Nous avons des contacts avec des militants syndicaux qui ont monté leur propre délégation syndicale dans leur boite, parfois avec l’aide individuelle d’un délégué de Cockerill qui ne partage pas le désintérêt de l’appareil pour les sous-traitants.
Prenons l’exemple du maçonnage des cuves des hauts-fourneaux avec des briques réfractaires. Les travailleurs qui font cela pour la sous-traitance relèvent de la CP du « bâtiment » et non de la « métallurgie ». Syndicalement, ils relèvent de la Centrale Générale et non Centrale de la Métallurgie.
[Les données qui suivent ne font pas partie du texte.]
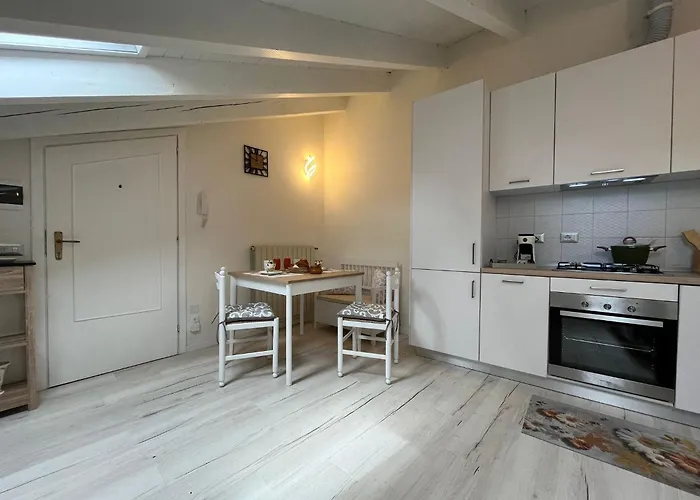 Aquadolce アパート バヴェーノ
Et bien on a entendu des responsables syndicaux à Cockerill dire que « Ces mecs nous piquent notre boulot » et avoir des attitudes ouvertement hostiles envers eux. Par exemple : ils leur ont interdit les vestiaires !
Ceci a un tout petit peu évolué avec les grands discours sur le « syndicalisme de réseaux » mais ces discours restent en règle générale du blabla : les réflexes corporatistes sont écrasants. Ainsi, avec le bulletin, nous avons relayé l’inquiétude des travailleurs quant à la présence d’amiante dans les matériaux réfractaires. Pour les responsables syndicaux de Cockerill, c’est la loi du silence, le maçonnage ne les regarde plus, si on s’y empoisonne à l’amiante c’est pas leur problème.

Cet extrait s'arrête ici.